Spaces:

oddrationale
/

tangobot

Build error

File size: 14,799 Bytes

e2e75ee

"""Face detection and age estimation inference engine.



This module implements the FaceAgeInferenceEngine class that coordinates

face detection and age estimation using YOLO Face-Person Detector and MiVOLO v2.

"""

import time
from contextlib import contextmanager
from functools import lru_cache

import numpy as np
import torch
from opentelemetry import metrics, trace
from transformers import (
    AutoConfig,
    AutoImageProcessor,
    AutoModel,
    AutoModelForImageClassification,
)

from .config import Settings, settings
from .image import compute_scaled_line_width, draw_face_annotations
from .types import BoundingBox, InferenceError, InferenceOutput

# Type alias for detection results
type FaceDetections = list[BoundingBox]
type PersonDetections = list[BoundingBox]

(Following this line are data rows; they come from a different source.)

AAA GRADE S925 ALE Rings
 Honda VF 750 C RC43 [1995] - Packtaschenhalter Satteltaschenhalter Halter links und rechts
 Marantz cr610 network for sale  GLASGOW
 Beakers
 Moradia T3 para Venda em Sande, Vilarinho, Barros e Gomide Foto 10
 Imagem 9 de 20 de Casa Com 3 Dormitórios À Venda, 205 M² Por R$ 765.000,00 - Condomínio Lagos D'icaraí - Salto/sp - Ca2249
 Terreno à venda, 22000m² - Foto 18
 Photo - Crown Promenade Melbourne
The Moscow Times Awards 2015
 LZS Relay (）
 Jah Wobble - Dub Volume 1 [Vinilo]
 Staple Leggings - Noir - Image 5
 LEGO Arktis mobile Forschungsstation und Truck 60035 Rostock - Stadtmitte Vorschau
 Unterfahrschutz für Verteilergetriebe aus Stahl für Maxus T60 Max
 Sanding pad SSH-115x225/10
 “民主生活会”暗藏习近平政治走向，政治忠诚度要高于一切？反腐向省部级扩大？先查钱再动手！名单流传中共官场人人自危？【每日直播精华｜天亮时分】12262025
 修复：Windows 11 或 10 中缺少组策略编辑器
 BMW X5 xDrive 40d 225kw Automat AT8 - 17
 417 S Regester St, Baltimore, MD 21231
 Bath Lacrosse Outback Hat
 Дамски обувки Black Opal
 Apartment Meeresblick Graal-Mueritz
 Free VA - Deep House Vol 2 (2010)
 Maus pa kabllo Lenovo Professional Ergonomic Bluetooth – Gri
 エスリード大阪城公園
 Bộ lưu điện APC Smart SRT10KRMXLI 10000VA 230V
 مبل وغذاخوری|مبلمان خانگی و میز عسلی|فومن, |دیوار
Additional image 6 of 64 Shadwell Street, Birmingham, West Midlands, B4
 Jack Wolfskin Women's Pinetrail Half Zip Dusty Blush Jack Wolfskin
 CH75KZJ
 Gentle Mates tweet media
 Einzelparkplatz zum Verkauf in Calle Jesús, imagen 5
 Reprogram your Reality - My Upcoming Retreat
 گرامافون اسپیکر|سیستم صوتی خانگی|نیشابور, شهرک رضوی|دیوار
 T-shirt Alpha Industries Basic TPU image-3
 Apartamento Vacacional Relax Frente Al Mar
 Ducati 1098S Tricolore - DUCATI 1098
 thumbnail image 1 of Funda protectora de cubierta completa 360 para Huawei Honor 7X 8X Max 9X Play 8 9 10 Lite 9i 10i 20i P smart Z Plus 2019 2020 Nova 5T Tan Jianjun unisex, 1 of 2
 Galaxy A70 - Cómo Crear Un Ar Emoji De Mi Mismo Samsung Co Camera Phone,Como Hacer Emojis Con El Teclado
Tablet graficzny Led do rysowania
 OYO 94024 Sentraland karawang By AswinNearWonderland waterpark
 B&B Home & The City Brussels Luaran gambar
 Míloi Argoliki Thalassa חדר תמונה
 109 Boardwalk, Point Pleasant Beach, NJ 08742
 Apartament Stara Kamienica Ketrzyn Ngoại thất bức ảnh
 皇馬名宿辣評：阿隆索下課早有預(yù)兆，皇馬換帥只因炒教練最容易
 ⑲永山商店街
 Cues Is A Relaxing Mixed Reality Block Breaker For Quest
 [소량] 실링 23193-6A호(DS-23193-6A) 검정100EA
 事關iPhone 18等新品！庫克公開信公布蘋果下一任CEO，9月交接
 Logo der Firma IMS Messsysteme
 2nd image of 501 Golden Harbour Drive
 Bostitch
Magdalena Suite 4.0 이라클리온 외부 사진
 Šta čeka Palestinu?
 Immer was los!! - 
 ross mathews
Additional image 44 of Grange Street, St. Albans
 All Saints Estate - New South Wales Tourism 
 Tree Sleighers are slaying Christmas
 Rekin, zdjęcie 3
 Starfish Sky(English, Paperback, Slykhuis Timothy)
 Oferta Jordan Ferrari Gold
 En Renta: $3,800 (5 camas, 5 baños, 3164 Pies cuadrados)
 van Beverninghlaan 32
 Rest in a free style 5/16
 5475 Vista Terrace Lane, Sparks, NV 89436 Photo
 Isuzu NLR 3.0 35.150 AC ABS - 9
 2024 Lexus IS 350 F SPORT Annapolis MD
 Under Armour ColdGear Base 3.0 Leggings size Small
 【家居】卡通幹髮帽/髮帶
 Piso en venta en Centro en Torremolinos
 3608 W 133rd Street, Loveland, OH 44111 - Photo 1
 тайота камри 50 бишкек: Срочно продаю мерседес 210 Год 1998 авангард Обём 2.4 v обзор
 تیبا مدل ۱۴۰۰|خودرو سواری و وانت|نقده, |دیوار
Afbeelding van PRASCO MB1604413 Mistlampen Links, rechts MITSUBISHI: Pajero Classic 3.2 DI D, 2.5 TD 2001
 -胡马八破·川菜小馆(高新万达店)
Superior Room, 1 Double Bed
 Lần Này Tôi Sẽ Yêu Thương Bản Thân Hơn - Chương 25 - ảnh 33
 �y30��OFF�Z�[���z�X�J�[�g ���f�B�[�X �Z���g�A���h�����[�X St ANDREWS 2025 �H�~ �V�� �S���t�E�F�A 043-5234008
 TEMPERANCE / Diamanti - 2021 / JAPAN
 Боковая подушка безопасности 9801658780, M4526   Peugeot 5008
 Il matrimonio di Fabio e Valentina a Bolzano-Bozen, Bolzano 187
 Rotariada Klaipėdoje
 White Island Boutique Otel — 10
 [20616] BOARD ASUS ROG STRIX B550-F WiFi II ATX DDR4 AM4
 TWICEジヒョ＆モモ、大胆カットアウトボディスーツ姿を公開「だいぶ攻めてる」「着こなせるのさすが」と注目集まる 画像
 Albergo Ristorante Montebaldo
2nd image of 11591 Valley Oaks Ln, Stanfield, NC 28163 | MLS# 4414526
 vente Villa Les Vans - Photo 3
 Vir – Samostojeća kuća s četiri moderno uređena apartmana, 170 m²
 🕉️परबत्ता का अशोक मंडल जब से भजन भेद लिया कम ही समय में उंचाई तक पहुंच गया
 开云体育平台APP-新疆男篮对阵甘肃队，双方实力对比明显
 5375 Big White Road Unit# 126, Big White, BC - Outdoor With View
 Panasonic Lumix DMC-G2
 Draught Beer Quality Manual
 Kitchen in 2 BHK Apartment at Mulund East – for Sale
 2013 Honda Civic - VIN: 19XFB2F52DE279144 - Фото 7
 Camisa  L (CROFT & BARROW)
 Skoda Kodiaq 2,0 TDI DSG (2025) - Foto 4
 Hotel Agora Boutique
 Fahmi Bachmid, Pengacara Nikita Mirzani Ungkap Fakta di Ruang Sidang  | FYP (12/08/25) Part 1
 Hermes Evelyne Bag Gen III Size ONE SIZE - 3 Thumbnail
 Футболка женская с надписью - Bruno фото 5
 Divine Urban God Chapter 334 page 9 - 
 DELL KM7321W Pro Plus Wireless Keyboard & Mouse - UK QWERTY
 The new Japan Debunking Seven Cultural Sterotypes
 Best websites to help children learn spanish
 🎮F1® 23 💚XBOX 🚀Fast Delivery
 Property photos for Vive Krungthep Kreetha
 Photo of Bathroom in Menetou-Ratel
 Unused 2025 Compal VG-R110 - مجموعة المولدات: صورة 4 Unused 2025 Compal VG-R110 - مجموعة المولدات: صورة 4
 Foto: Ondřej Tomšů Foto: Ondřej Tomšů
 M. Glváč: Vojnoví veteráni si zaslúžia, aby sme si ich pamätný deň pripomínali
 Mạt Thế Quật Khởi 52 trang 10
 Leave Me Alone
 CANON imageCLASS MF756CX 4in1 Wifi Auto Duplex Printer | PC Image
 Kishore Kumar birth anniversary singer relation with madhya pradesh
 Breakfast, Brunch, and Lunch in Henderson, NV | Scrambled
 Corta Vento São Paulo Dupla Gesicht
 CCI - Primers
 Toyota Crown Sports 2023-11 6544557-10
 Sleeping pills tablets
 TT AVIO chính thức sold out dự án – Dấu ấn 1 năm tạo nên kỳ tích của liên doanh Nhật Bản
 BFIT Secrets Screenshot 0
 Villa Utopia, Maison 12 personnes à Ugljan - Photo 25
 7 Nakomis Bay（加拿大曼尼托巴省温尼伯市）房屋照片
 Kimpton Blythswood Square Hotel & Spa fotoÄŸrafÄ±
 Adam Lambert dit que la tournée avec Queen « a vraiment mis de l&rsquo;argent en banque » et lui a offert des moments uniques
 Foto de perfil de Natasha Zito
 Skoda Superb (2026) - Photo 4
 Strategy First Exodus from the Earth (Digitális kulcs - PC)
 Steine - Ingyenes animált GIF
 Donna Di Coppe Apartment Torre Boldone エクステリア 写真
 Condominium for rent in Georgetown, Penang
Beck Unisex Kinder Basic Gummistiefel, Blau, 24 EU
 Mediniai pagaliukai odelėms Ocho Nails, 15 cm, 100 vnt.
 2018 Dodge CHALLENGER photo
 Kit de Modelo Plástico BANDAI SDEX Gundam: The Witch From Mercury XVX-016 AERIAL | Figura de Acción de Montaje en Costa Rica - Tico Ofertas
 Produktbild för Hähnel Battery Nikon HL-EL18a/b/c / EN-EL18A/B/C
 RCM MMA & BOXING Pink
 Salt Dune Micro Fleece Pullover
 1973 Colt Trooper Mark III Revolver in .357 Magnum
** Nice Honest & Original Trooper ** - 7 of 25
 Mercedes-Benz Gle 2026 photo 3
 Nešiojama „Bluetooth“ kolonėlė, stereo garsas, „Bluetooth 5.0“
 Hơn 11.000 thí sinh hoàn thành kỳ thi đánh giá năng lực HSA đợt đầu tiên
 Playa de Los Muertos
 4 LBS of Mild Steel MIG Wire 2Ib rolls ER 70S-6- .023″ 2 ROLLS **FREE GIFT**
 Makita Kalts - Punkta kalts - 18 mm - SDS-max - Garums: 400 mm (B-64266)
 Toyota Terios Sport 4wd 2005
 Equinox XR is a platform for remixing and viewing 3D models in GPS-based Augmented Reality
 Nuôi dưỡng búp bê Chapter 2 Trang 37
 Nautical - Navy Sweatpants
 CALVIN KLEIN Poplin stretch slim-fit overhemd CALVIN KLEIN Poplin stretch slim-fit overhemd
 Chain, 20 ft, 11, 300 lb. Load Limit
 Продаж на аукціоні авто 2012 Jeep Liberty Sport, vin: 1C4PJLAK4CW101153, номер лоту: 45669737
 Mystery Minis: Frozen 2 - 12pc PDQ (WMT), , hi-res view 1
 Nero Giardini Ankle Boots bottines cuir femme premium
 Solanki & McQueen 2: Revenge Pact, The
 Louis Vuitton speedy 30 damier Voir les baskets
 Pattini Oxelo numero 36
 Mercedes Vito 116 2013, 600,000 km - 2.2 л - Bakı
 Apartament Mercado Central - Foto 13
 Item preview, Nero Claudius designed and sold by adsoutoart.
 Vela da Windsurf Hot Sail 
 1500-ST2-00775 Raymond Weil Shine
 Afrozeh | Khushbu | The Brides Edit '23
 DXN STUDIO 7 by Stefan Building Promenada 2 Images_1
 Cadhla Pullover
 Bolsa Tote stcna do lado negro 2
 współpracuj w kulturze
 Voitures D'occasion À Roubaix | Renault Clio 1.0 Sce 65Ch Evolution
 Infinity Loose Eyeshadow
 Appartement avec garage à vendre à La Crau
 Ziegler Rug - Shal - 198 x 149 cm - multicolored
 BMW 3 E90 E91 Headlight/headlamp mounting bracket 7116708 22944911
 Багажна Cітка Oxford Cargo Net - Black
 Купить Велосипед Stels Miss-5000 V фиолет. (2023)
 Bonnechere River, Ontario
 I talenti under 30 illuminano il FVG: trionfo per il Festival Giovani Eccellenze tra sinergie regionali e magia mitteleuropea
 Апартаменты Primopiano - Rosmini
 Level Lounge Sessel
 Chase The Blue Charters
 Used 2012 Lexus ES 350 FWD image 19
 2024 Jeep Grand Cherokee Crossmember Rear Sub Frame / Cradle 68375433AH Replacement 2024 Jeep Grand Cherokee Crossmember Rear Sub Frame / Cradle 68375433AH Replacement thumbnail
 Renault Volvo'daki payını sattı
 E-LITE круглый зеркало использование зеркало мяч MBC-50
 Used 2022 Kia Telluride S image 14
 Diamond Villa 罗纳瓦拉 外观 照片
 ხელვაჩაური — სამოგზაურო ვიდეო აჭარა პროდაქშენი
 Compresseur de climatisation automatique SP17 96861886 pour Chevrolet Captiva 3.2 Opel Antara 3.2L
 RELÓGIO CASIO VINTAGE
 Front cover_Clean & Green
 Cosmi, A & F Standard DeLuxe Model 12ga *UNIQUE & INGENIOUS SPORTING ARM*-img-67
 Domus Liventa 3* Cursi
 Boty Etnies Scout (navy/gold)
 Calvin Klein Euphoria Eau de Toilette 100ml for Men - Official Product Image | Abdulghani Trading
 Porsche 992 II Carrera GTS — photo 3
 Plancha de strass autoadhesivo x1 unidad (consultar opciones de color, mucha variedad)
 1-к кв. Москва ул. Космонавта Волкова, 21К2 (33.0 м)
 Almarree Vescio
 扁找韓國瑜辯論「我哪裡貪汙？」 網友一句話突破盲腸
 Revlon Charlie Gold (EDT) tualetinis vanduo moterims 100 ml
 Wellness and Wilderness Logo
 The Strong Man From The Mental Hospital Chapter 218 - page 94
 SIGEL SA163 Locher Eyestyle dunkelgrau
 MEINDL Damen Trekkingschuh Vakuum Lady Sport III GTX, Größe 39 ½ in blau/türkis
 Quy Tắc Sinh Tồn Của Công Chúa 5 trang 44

# Get tracer for this module
tracer = trace.get_tracer(__name__)

# Get meter and create metrics instruments
# Uses no-op provider when running standalone, real provider when ml-api sets one
meter = metrics.get_meter(__name__)
_inference_duration = meter.create_histogram(
    "inference.duration_ms",
    unit="ms",
    description="Total inference time in milliseconds",
)
_yolo_duration = meter.create_histogram(
    "inference.yolo_duration_ms",
    unit="ms",
    description="YOLO face detection time in milliseconds",
)
_mivolo_duration = meter.create_histogram(
    "inference.mivolo_duration_ms",
    unit="ms",
    description="MiVOLO age estimation time in milliseconds",
)
_faces_detected = meter.create_counter(
    "inference.faces_detected",
    description="Total number of faces detected",
)
_inference_errors = meter.create_counter(
    "inference.errors",
    description="Number of inference errors",
)


@contextmanager
def _telemetry_span(name: str, histogram=None):
    """Start a span and optionally record elapsed time to a histogram."""
    start = time.perf_counter()
    with tracer.start_as_current_span(name) as span:
        yield span
    if histogram is not None:
        elapsed_ms = (time.perf_counter() - start) * 1000
        histogram.record(elapsed_ms)


def _compute_iou(box1: BoundingBox, box2: BoundingBox) -> float:
    """Compute intersection over union between two bounding boxes.



    Args:

        box1: First bounding box (x1, y1, x2, y2).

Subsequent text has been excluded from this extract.